The material presented
here is not Al-Anon Conference Approved Literature. It is a method
to exchange
information, ideas, feelings, problems and solutions on a personal
level.
AW was already drinking and found out had plans to get more. I didn't exactly stop her but registered my displeasure to step d when I found out she was going to purchase more for her. She gave the money to me my wife had given her and left leaving my wife with w options... walking or not drinking anymore. She chose a 3rd option which was to get meaner than a snake and make the most of the alcohol she already had in her. Not sure if I handled things right.
You handled it the best you could with what you had at the time. As you move forward your AW will learn you will not engage in her behavior anymore and will have to resort to desperation which will make her think about what she's doing and maybe just maybe seek help. Let go Let God....
Your in my thoughts and prayers.
((( hugs )))
__________________
Lord, put your arm around my shoulder and your hand over my mouth
Speak only when you feel that your words are better than your silence.
This for me was "detachment" practice time. It is what it is, she is what she is, I gonna be who I am...So bad she's sooo sick. (((((AW))))) (((((DP)))))

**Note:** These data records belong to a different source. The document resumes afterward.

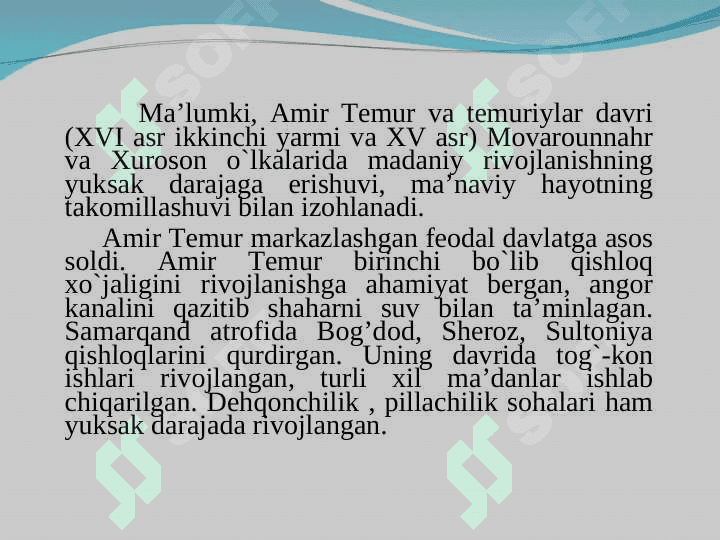 Amir Temur va Temuriylar davri tarixi 3
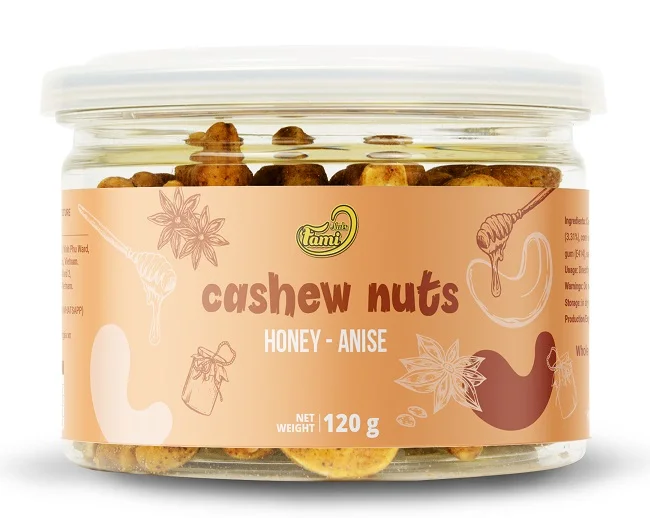 Clean Processed Ready To Eat Vietnamese Snack Food Cinnamon Cashew Nuts For Travelling And On The Go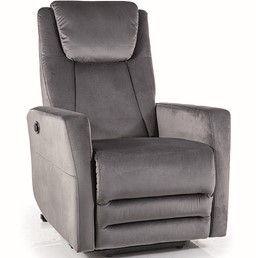 Fotel Rozkładany ADONIS Velvet (Funkcja Pionizacji) Szary Bluvel 14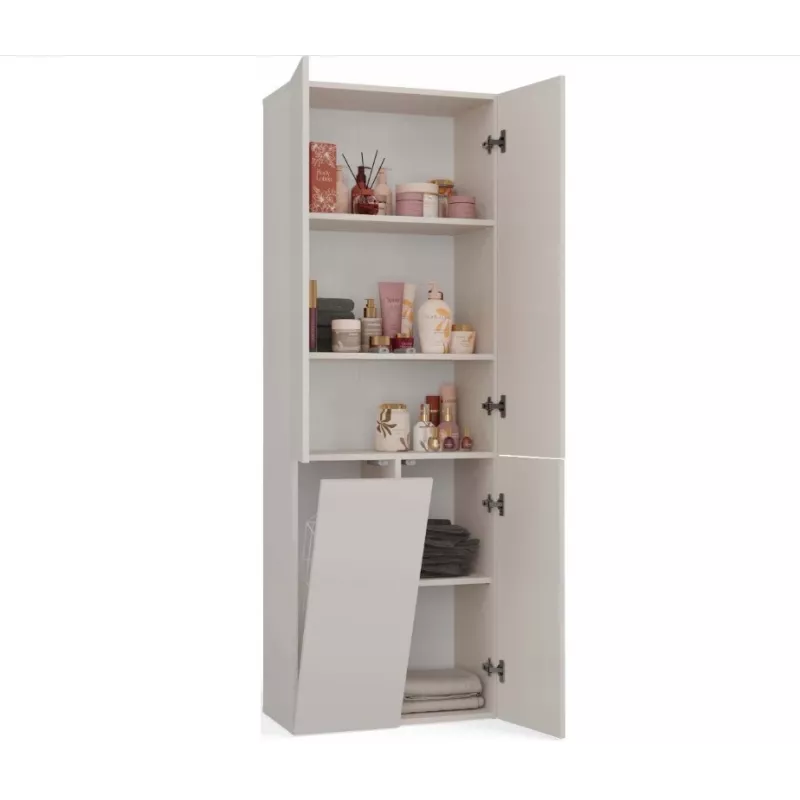 Badezimmerschrank Nel DD 1K Korb Farbe Kaschmir Lange Türen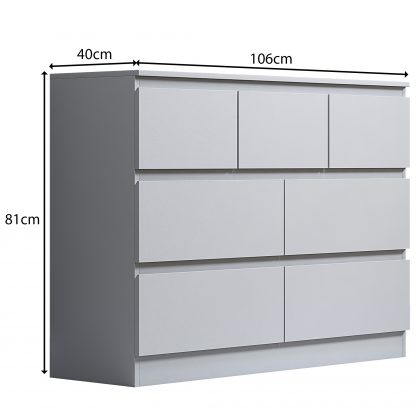 FWStyle Stora 7 Drawer Merchant Chest Of Drawers - Matt White - Image 2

DP - She treats you like garbage and you are tearing yourself up over whether YOU acted right? Go easy on yourself while addressing what your boundaries are and what you can or can't put up with...then stick to those boundaries. You have every right to say "I cannot put up with your drinking" but then you have to follow that up with consistent consequences. You do get to choose how you are treated and what kinds of people and behaviors you want to be around.
Nobody gets a free pass to treat me "meaner than a snake." Period. That is intolerable behavior for me so I would end a relationship over it or walk out. That's just me though. I left myself without options and thought I deserved that kind of treatment for too long. Life is short...too short to be letting myself be anyone's verbal, emotional, or physical punching bag.